Only the lines below, from the one with "Gelandang Chelsea Hakim" through the one with "Vintage Miu Miu", are to be written out, exactly.

• Records for the exercise

■ ■ ■ ■ ■

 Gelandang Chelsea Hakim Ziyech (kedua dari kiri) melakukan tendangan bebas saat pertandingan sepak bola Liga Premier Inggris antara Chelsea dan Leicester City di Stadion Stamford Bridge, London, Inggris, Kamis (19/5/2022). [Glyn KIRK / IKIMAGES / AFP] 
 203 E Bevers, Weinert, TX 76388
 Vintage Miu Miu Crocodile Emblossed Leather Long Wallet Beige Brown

■ ■ ■ ■ ■

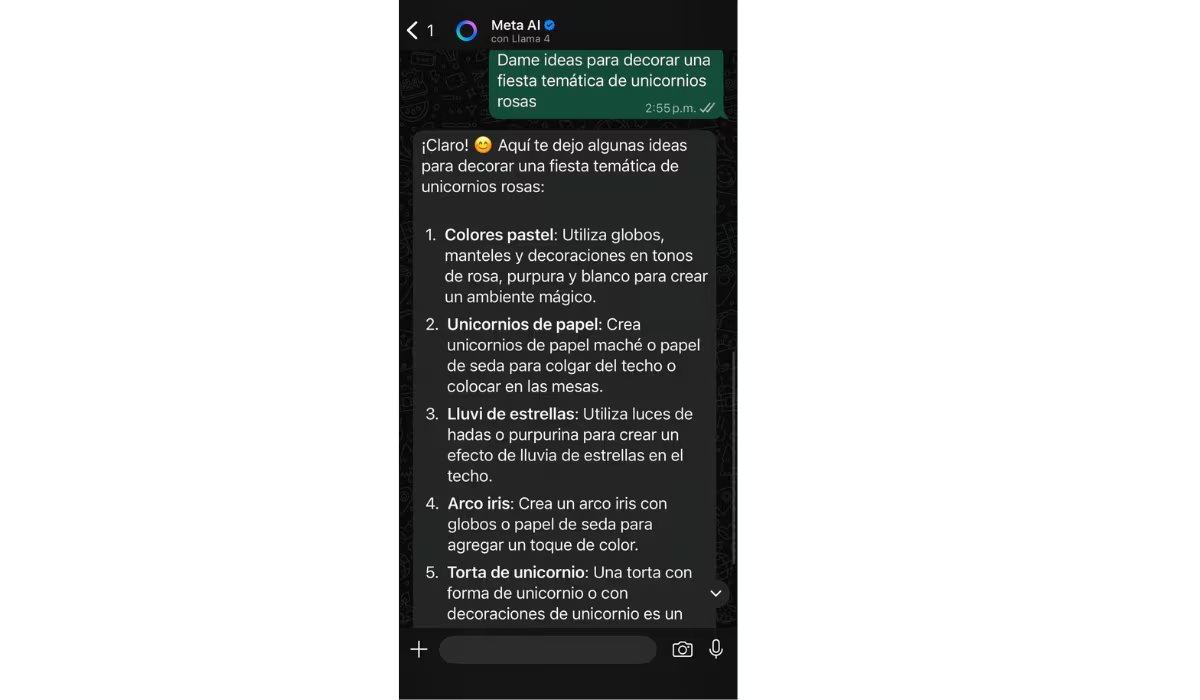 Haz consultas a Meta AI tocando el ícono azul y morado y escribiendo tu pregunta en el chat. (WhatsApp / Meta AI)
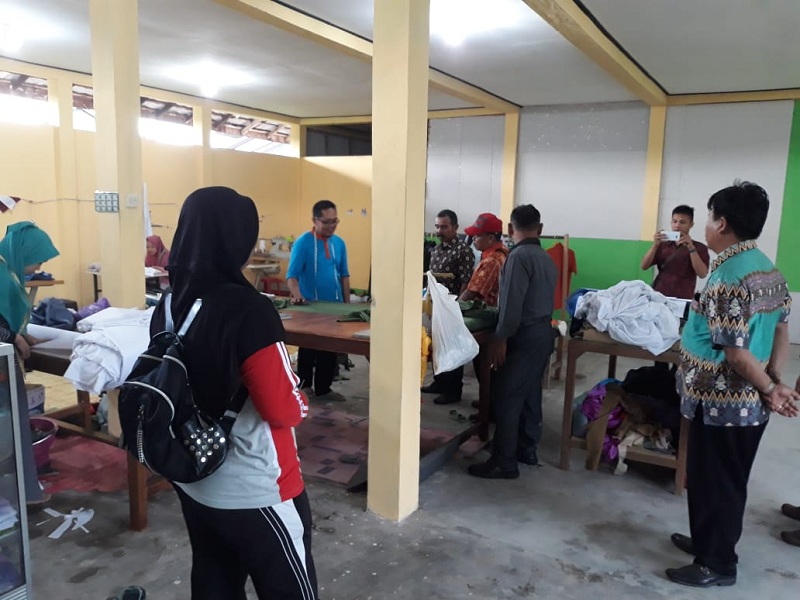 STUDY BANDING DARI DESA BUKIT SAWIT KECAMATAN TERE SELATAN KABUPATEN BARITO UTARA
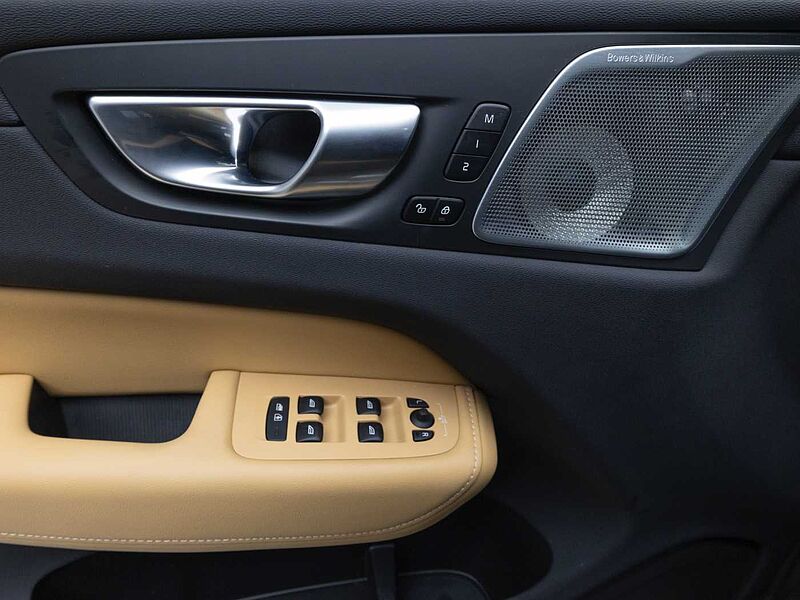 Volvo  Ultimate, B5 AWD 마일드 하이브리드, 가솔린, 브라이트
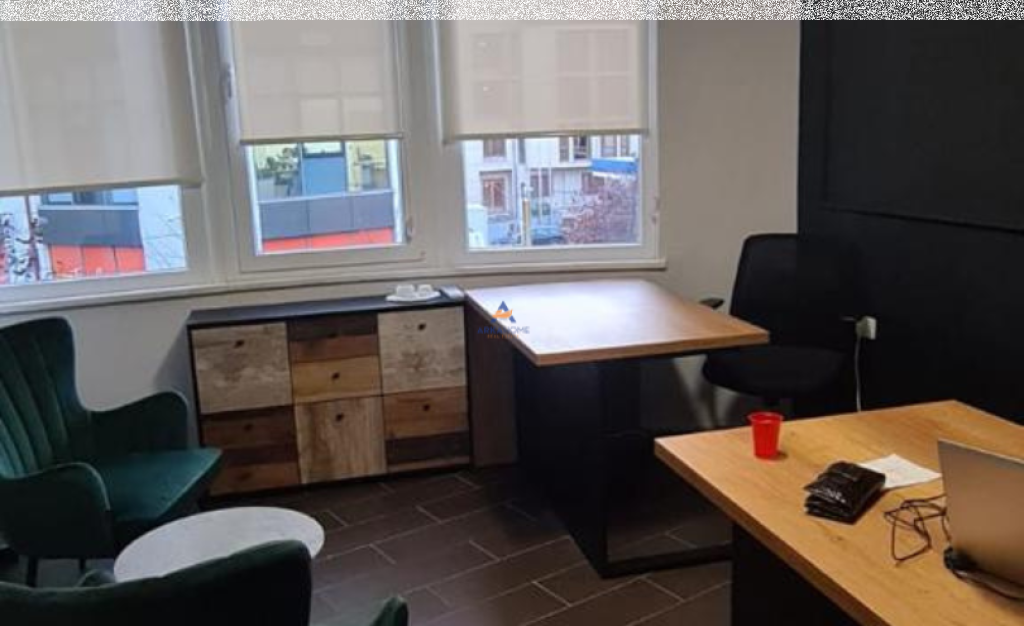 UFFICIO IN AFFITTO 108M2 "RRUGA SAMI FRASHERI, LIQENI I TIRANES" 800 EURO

■ ■ ■ ■ ■

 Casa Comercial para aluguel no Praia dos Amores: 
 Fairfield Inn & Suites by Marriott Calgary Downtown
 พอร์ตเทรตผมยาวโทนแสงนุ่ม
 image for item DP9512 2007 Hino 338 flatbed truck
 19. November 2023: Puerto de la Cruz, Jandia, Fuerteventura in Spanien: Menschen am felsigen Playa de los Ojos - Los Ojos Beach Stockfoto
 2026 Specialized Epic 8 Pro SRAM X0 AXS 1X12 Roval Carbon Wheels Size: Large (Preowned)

■ ■ ■ ■ ■

• Response box
 Gelandang Chelsea Hakim Ziyech (kedua dari kiri) melakukan tendangan bebas saat pertandingan sepak bola Liga Premier Inggris antara Chelsea dan Leicester City di Stadion Stamford Bridge, London, Inggris, Kamis (19/5/2022). [Glyn KIRK / IKIMAGES / AFP] 
 203 E Bevers, Weinert, TX 76388
 Vintage Miu Miu Crocodile Emblossed Leather Long Wallet Beige Brown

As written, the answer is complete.